= WHAT NEEDS TO BE DONE =
All lines in the data that hold the word "Medium" need copying.

⟨

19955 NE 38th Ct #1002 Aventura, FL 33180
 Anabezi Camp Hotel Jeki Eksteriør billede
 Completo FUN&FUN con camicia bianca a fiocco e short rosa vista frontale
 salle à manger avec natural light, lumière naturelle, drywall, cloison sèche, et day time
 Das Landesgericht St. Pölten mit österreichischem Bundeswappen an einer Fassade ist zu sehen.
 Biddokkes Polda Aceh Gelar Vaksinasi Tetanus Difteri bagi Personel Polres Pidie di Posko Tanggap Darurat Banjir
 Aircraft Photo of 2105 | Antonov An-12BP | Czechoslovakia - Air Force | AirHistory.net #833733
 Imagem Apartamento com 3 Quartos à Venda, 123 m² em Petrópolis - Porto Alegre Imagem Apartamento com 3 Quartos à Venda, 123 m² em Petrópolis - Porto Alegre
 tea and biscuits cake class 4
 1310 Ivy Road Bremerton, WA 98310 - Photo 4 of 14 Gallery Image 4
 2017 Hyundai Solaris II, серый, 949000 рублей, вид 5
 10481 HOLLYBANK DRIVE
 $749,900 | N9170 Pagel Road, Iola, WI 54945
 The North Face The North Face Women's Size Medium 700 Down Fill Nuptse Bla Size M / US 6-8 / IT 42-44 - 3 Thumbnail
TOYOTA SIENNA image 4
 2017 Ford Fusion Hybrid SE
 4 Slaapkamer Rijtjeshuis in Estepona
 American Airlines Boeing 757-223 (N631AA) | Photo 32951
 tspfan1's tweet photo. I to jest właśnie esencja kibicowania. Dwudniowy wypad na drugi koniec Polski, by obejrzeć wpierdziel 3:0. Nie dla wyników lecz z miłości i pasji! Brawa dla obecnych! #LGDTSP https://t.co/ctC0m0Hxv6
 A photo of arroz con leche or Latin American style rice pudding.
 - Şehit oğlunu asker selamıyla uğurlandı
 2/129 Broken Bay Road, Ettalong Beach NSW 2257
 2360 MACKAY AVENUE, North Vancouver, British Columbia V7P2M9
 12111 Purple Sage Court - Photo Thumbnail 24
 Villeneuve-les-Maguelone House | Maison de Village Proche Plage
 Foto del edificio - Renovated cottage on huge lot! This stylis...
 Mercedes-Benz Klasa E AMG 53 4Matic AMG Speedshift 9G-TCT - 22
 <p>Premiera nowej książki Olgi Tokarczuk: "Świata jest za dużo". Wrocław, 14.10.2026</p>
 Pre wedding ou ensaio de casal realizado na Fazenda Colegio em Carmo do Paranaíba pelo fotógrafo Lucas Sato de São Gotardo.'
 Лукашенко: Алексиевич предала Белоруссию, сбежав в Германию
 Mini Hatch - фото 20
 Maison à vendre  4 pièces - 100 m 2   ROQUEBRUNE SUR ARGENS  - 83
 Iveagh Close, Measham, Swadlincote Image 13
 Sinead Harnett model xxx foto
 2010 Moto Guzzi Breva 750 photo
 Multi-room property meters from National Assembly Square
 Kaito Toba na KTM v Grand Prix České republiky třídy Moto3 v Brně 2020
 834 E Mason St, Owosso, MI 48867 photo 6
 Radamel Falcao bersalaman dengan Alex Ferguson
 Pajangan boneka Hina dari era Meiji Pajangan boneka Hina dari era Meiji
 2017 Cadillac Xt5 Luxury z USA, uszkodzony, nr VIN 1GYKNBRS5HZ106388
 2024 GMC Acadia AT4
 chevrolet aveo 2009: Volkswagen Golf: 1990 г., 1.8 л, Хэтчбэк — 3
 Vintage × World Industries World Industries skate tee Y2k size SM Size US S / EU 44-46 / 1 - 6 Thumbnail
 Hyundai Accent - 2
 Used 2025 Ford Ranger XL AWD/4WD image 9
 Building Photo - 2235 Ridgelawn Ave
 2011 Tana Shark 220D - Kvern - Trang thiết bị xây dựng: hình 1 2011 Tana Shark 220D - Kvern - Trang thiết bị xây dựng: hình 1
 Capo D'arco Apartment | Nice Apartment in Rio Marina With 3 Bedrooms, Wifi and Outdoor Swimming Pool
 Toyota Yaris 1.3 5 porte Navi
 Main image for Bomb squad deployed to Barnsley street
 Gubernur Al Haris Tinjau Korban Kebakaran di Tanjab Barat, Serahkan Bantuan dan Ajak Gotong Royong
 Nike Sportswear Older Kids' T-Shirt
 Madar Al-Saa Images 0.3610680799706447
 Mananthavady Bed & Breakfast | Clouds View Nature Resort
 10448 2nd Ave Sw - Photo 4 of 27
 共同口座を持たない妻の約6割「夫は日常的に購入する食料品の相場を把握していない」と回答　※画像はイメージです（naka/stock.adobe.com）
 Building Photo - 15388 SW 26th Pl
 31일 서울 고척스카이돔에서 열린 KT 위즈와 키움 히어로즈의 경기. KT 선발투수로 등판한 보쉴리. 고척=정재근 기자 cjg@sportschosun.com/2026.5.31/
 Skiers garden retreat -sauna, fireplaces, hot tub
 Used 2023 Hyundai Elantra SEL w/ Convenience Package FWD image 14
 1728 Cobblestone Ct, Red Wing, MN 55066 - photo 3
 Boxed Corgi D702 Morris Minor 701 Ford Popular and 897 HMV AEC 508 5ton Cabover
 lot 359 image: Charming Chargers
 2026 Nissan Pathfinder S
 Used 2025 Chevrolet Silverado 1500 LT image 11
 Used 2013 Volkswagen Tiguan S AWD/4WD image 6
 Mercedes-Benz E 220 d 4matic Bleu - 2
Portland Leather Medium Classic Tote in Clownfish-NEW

⟩

= REPLY TO THE TASK =
 The North Face The North Face Women's Size Medium 700 Down Fill Nuptse Bla Size M / US 6-8 / IT 42-44 - 3 Thumbnail
Portland Leather Medium Classic Tote in Clownfish-NEW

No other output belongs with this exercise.